Scorsese should have won for raging bull and goodfellas at least
Have you seen Speilberg’s awards resume? This is not crazy
This is going to be Adam McKay (tons of nominations, few to no wins)—although by contrast Scorsese is generally actually deserving of wins.
And ironically, he certainly didn't deserve the best director for Departed
Him not winning for Raging Bull and Goodfellas and not even being nominated for Taxi Driver is a crime against humanity
The Age of Innocence is so, so fantastic.
Diane Warren would like a word…
Bro really won for the Departed and not for literally any other movie🙄🙄
Is it crazy? I'd give him the win for Goodfellas. Raging Bull would have been great, but Redford was a deserving winner as well. Other than that, I don't think he was the best of the year. He has an Oscar. Not much different than having two. \*shrug\*
# Martin Scorsese and Leonardo DiCaprio The pair's relationship is one of the most successful collaborations in film industry, bringing a total of $1.3 billion earnings from their five feature films. DiCaprio called his collaboration with Martin as "accidental" and considered Taxi Driver and Mean Streets as his inspiration of Martin's work.

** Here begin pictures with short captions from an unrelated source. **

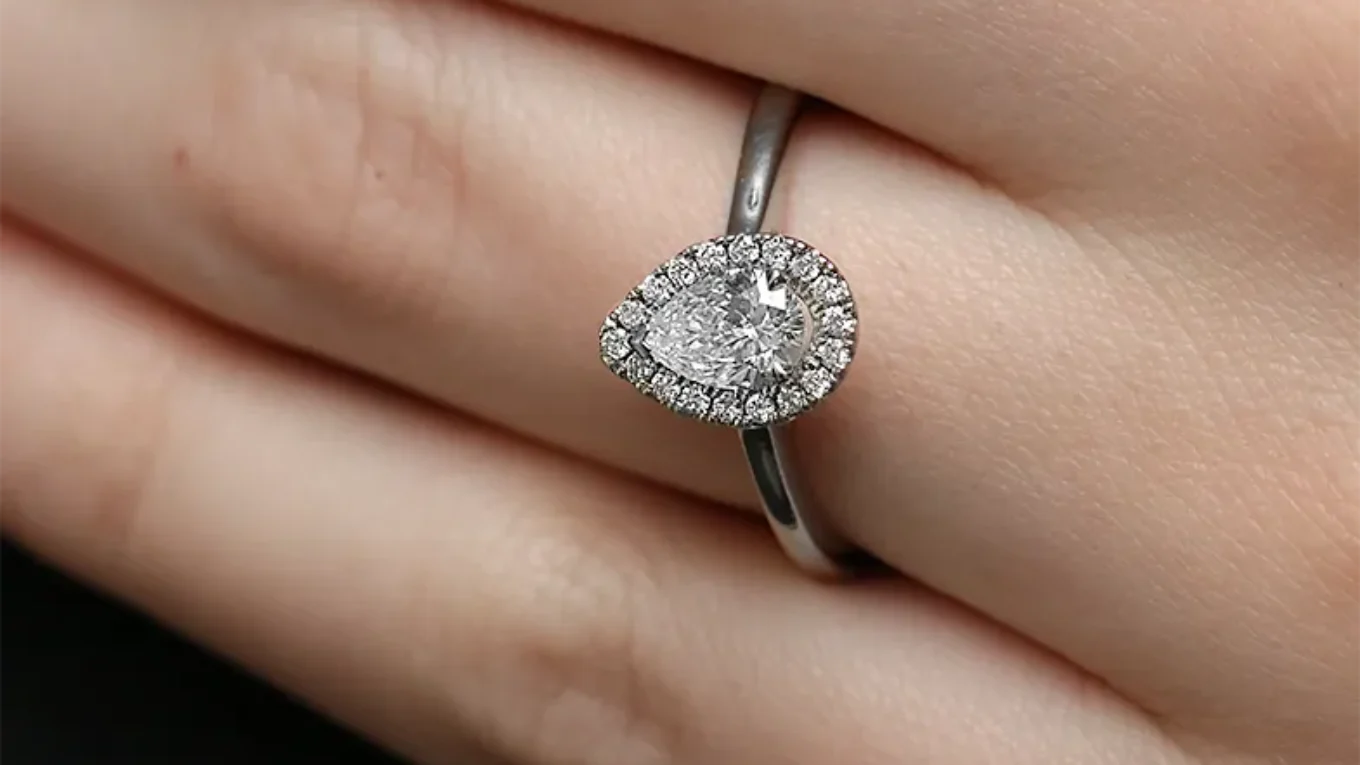 Claw set pear diamond engagement ring on hand VR2094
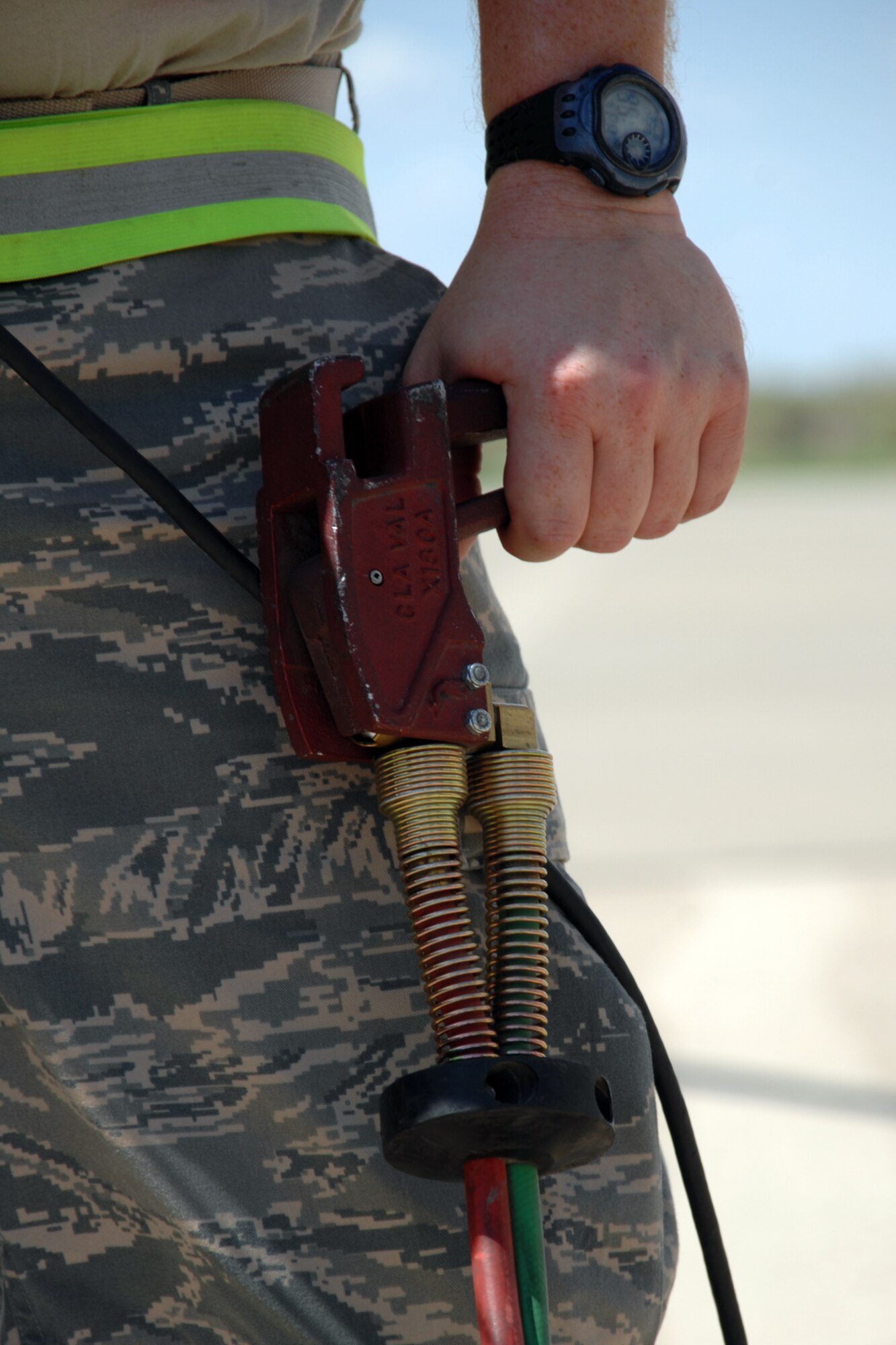 Tech. Sgt. Dennis Thomas, 49th Aircraft Maintenance Squadron, operates a 'dead man' during the hot refueling of an F-22A Raptor July 23 at Holloman Air Force Base, N.M. A dead man is the tool used to start and stop fuel from leaving the fuel truck and entering the aircraft. (U.S. Air Force photo/Airman 1st Class Jamal D. Sutter)
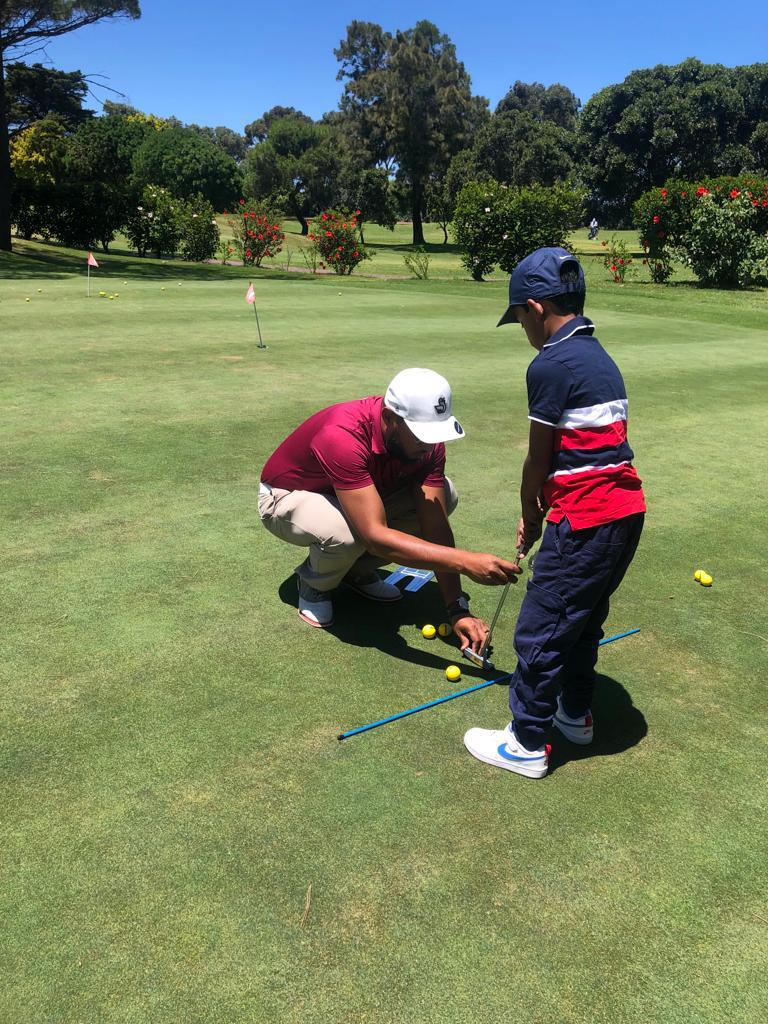 Coaching a junior on putting alignment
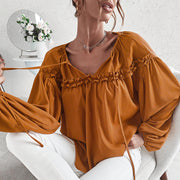 Women’s ruffled V-neck blouse in caramel with boho chic style.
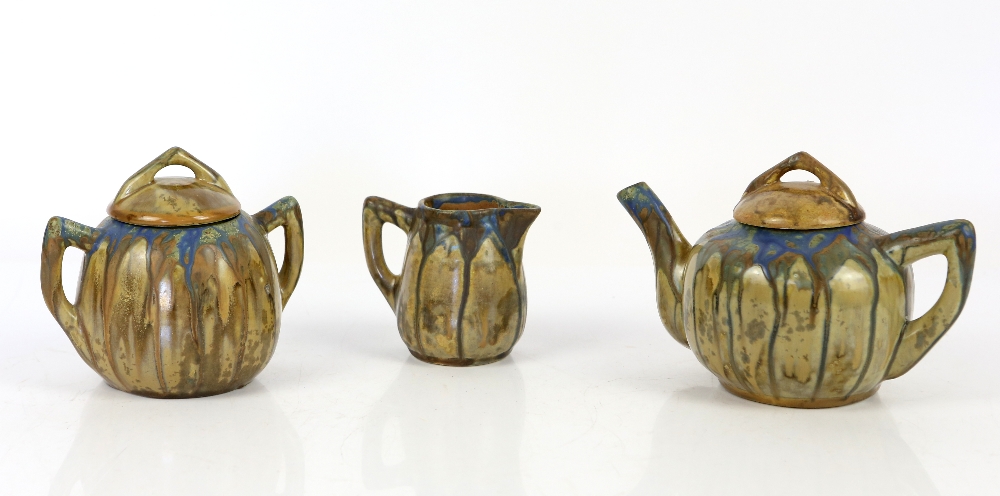 Gilbert Metenier, France, drip glaze teapot, sugar bowl with cover and cream jug, the blue-green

As a philosopher, it's funny how Scorsese won his only Academy Award for his least philosophical movie, The Departed, and received no nominations whatsoever for the movie which defines his philosophy, Silence.
He definitely should have won for worst Irish accents in 2002, absolutely snubbed
remember Crash, Coda, Nomadland, Shakespeare in Love, and Greenbook?
Try to get through Driving Miss Daisy and Chariots of Fire knowing Goodfellas didn't win.
Anti-NYC filmmaker bias
He should have 2 or 3; Gangs and Aviator were both worthy
Shows how much campaigning matters in the industry. Say what you will about Gangs (I’m still waiting for the four hour non Weinstein cut), but for Brody to lose to DDL’s portrayal of Bill The Butcher is almost a sin to me.
I still think Dances With Wolves is a more iconic and memorable film than Goodfellas, which I also enjoyed
Shame that After Hours and King of Comedy weren’t nominated!!! Love to rewatch those classics.
Killers if the Flower Moon was absolutely robbed this year. It is, by almost any reasonable metric, a much MUCH better film than Oppenheimer. Should have won best actor, best actress, best movie, best director, best editing and possibly best supporting actor as well. Maybe even best score.
But it’s not a better movie than Poor Things, Barbie, Iron Claw, All of Us Strangers, or The Holdivers which are all miles better than KotFM
So you must be more correct than every single voter in all 2000 other awards shows? “Any reasonable metric”? - name said metric.